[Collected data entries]
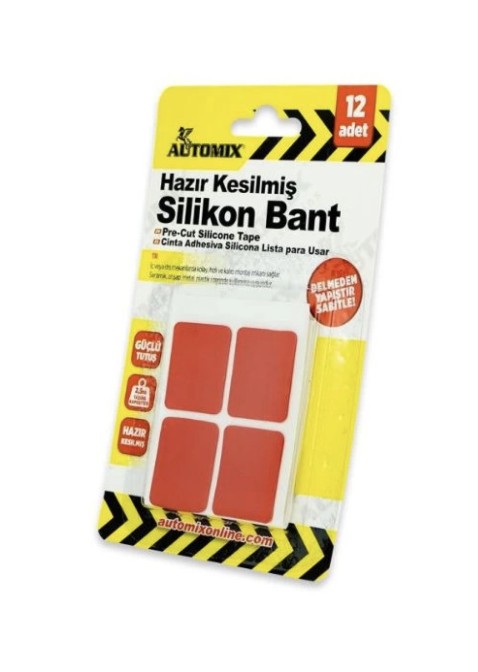 Automix Hazır Kesilmiş Çift Taraflı Silikon Bant 12'li
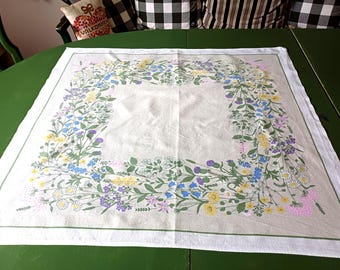 Swedish printed summer tablecloth - Meadow flowers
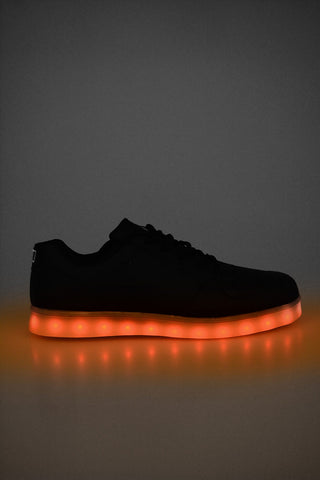 Sneakers in ecopelle con suola led 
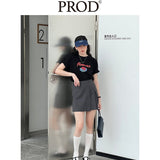Rose Flower Graphic Basic T-Shirt / Black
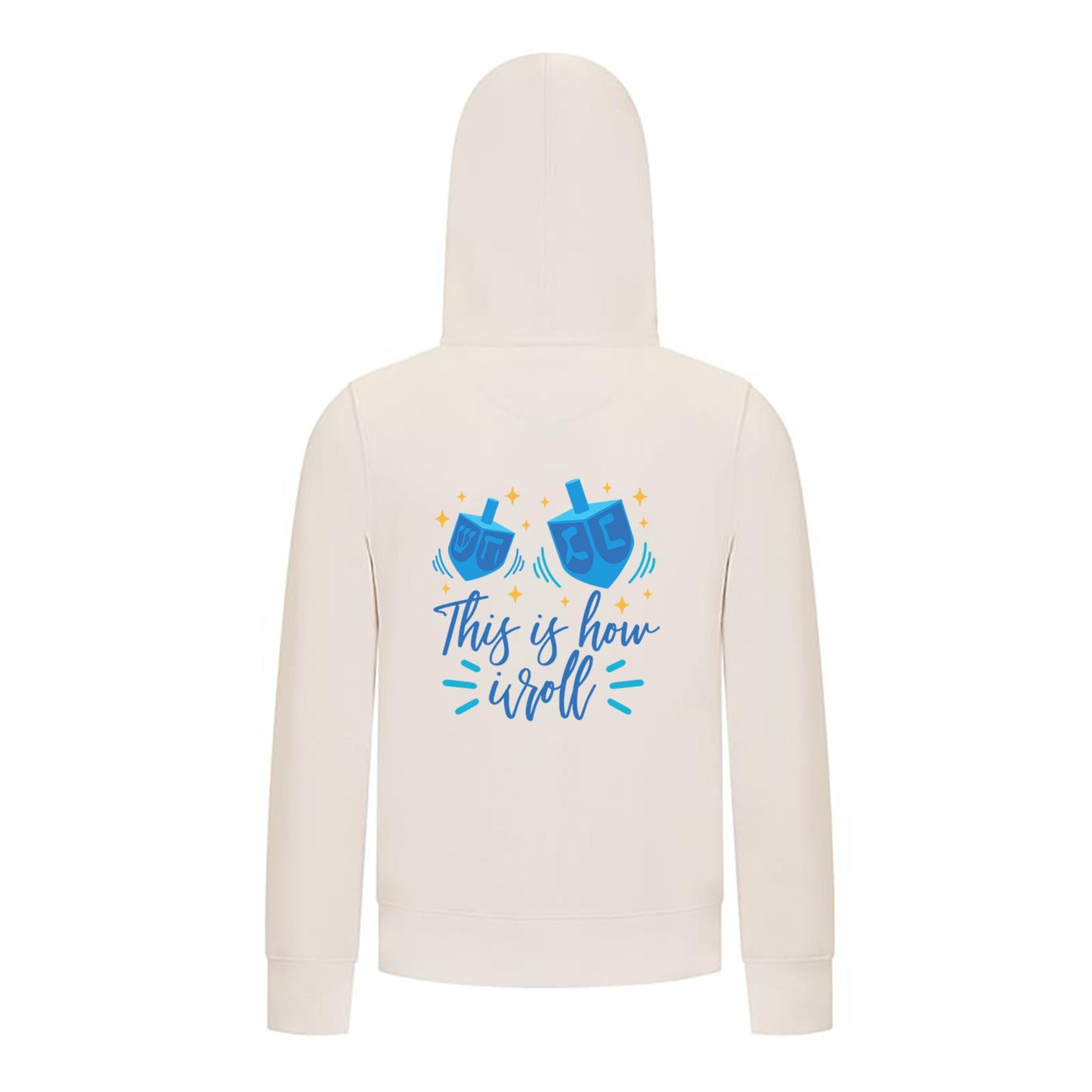 Everyday Kids Hanukkah Collection “This Is How I Roll” Zip Up Hoodie – Fun Holiday Sweatshirt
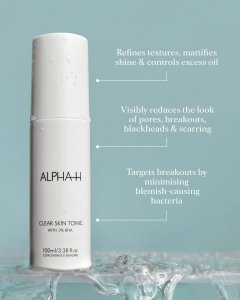 PHYTORELAX Alpha-H, Clear Skin, Exfoliating & Toning, Tonic Lotion, For Face, 100 ml For Women 5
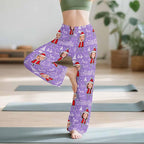 Custom Couple Pajama Pants Sock with Funny Face, Personalized PJ Anniversary Birthday Women Men Pants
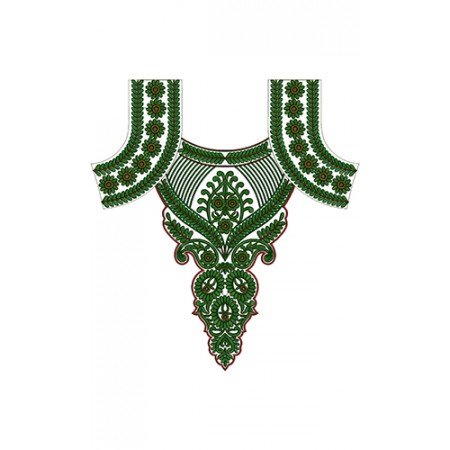 Fulfil Arabic Neck Embroidery Design 14026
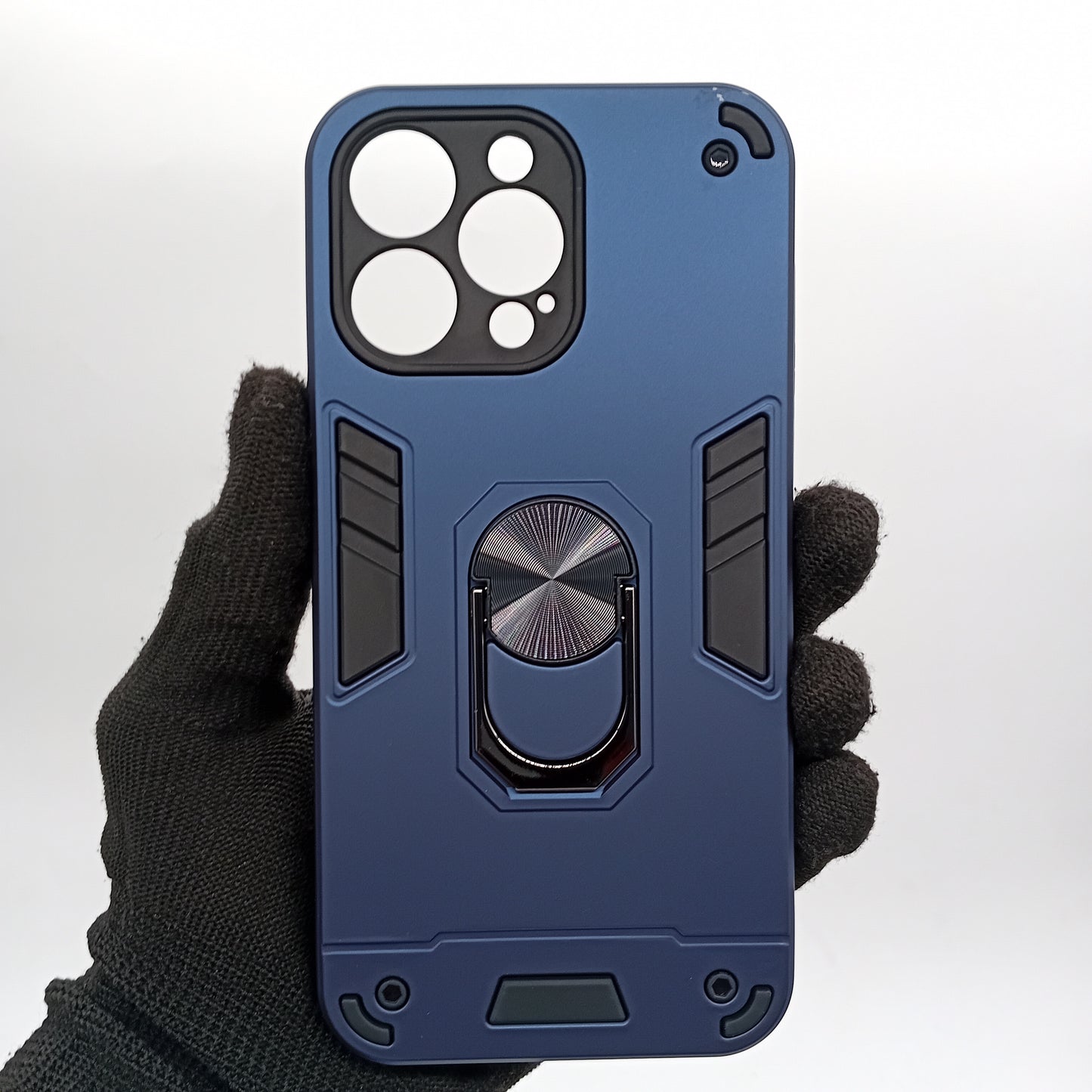 iPhone 14 Pro Max Hard PC Case with ring holder Shockproof Slim back Cover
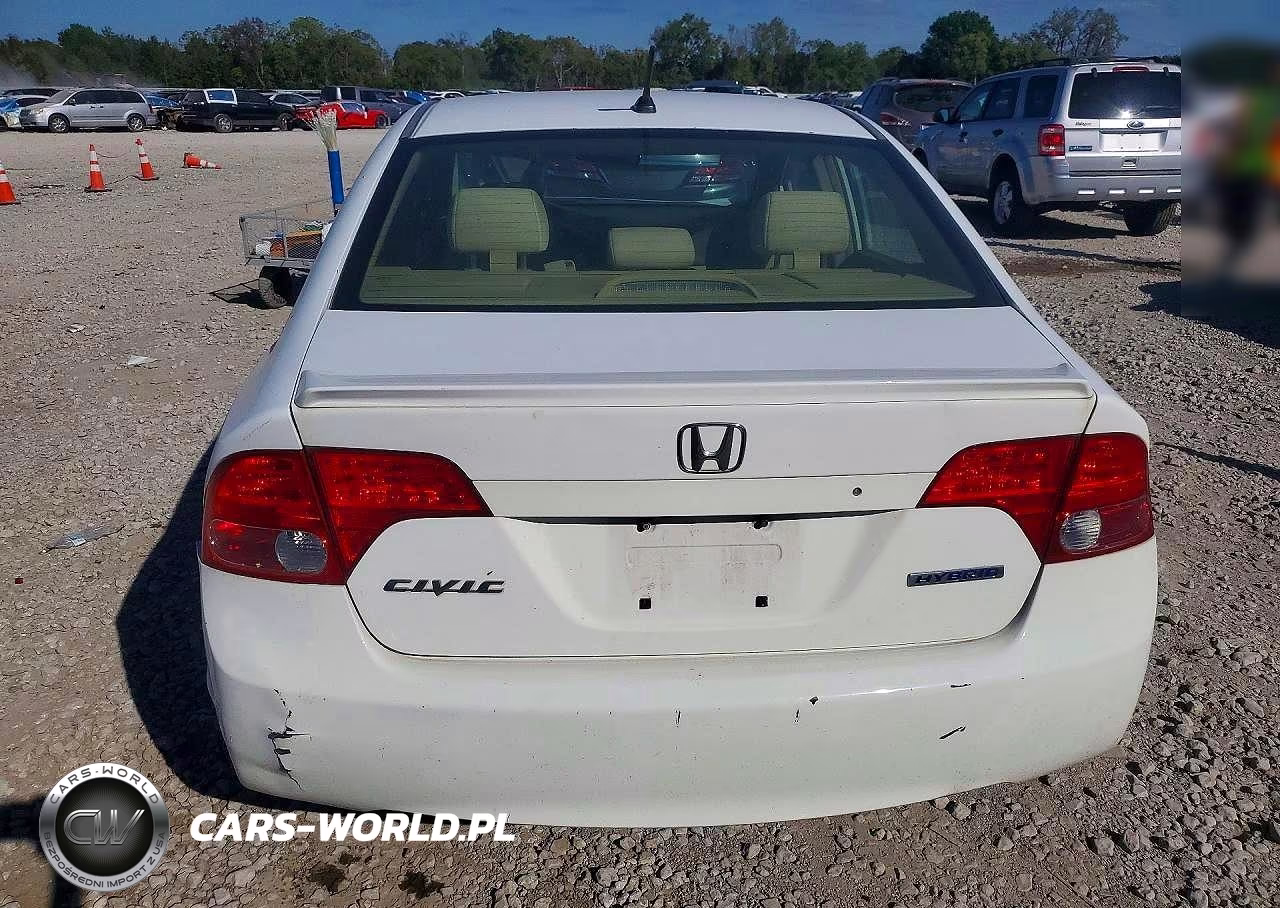 2006 Honda Civic Hybrid VIN:JHMFA36266S027104 - 6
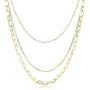 366DAYS Layered Choker Necklace, 316L Stainless Steel Titanium Necklace, Handmade Multilayer Adjustable Link Chain Choker for Women Men Valentines Day,Birthday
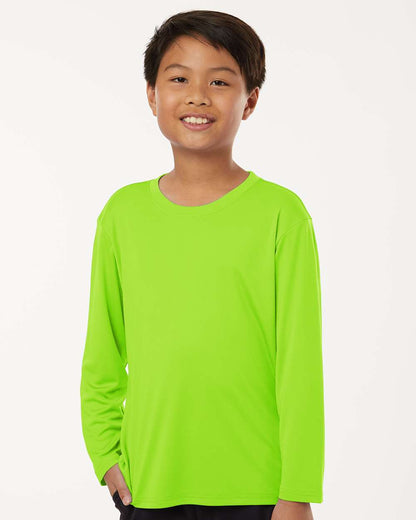 AllPro Youth Pro-Lock Performance Long Sleeve T-Shirt 48400Y #colormdl_Lime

◆ Task
Every line from the one containing "2006 Honda Civic" through the end of the entries above is to be copied exactly; pictures are to be left out.

◆ Written solution
 2006 Honda Civic Hybrid VIN:JHMFA36266S027104 - 6
 366DAYS Layered Choker Necklace, 316L Stainless Steel Titanium Necklace, Handmade Multilayer Adjustable Link Chain Choker for Women Men Valentines Day,Birthday
 AllPro Youth Pro-Lock Performance Long Sleeve T-Shirt 48400Y #colormdl_Lime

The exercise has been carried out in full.